Wednesday, 30 April 2014

The American economy slowed drastically in the first quarter of 2014, as wintry weather depressed corporate spending and housing sector activity, while weak exports and smaller additions to inventories by businesses also held back growth.
At an annualized rate of 0.1 percent, the pace of expansion in January, February and March was the weakest since the fourth quarter of 2012, when output also barely grew. It also represented a sharp deceleration from the level of growth recorded in the second half of 2013, when the economy expanded at a 3.4 percent rate.
The first-quarter pace also fell well short of the 1.2 percent rate of growth expected by Wall Street economists before the Commerce Department announcement Wednesday morning.
Still, most economists expect that many of the headwinds evident in the first quarter will fade over the course of 2014, and the growth rate will return to a range between 2.5 and 3 percent. In addition, Wednesday’s report is the first of three estimates of growth by government statisticians, and the final figure could ultimately be revised substantially in either direction.

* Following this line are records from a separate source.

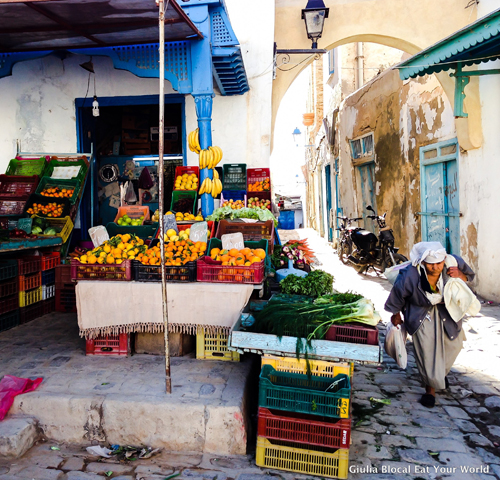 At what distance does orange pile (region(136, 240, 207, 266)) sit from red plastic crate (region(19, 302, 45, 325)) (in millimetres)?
2463

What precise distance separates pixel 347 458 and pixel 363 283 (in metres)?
6.73

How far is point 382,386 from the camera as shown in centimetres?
432

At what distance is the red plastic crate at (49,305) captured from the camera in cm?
638

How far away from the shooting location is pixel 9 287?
5629 mm

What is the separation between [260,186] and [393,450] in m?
5.90

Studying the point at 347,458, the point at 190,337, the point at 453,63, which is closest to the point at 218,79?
the point at 453,63

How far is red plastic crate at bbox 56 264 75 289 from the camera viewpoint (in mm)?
6271

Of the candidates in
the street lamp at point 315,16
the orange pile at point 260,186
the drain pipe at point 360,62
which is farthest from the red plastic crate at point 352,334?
the drain pipe at point 360,62

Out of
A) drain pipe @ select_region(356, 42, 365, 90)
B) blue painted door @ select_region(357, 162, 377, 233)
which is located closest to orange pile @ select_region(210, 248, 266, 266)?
blue painted door @ select_region(357, 162, 377, 233)

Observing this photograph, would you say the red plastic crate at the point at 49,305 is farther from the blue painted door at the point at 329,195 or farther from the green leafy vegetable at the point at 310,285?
the blue painted door at the point at 329,195

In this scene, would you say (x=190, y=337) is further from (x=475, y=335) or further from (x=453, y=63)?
(x=453, y=63)

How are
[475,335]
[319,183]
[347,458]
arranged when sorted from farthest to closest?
[319,183] < [475,335] < [347,458]

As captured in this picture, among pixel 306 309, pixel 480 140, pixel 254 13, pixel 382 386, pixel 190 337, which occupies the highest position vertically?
pixel 254 13

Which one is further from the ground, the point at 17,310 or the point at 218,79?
the point at 218,79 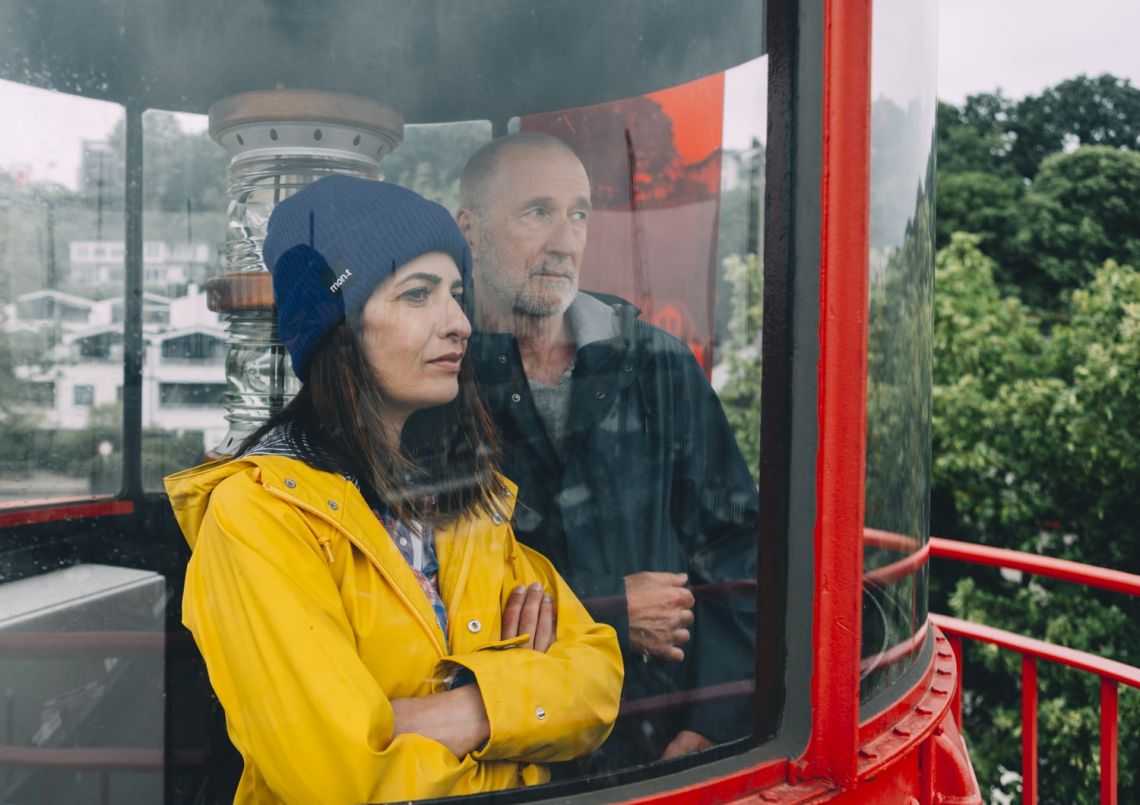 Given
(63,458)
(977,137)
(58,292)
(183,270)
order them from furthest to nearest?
(977,137) → (183,270) → (63,458) → (58,292)

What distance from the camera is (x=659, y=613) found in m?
1.57

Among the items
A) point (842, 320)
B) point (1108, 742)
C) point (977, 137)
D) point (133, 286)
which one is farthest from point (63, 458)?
point (977, 137)

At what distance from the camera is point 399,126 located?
212 centimetres

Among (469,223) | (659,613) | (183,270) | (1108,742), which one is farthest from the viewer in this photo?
(183,270)

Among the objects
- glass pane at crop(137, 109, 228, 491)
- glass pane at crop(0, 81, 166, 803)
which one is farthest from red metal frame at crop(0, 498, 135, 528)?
glass pane at crop(137, 109, 228, 491)

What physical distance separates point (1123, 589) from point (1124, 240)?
24.3 meters

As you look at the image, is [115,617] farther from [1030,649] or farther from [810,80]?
[1030,649]

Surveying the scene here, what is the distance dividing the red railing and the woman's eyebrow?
1590 mm

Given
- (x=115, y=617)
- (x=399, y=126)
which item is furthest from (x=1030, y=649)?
(x=115, y=617)

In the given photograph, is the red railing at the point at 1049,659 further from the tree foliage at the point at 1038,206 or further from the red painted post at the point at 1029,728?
the tree foliage at the point at 1038,206

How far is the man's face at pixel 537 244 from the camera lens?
64.3 inches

In some recent quarters, inventory swings have had an outsize effect on the overall growth number, and that was the case again in the first few months of 2014. But much of the first-quarter weakness tied to stockpiles is payback from huge inventory gains in the second half of 2013, rather than a fundamental sign of fragility.
The weakness in inventories reduced the growth rate by 0.6 percentage point, while weaker exports shaved 0.8 percentage point off the number. By contrast, exports added nearly added a full percentage point to output in the fourth quarter of 2013.
Even if growth does pick up later this year, the rate will still most likely be below the postwar average of just over 3 percent, said Dan North, chief economist at Euler Hermes North America, a larger insurer.
“We’ve been living in sub-3 percent land, and people have gotten used to that as the new normal,” Mr. North said in an interview before the Commerce Department announcement. “But it’s not. It’s anemic.”
Even as businesses pulled back, consumer spending actually remained reasonably healthy, rising 3 percent.
Wednesday’s economic data kicks off a busy few days for economists and investors. Later Wednesday, policy makers at the Federal Reserve will wrap up a two-day meeting, and are expected to announce another $10 billion reduction in monthly bond purchases by the central bank.
On Friday, the Labor Department will announce the latest figures on the job market in April. The consensus calls for a jump in payrolls of 215,000, with the unemployment rate falling by 0.1 percent to 6.6 percent.
Indeed, on Wednesday, the payroll processor ADP said American businesses increased hiring in April, adding 220,000 jobs in April, the most since November and up from 209,000 in March. The ADP numbers cover only private businesses and often diverge from the government’s more comprehensive report.
If the government’s actual payroll gain meets or exceeds the consensus, it would be the best month for hiring since November, and also echo some other more positive signs for the economy in recent days, like healthy consumer confidence and strong orders for durable goods.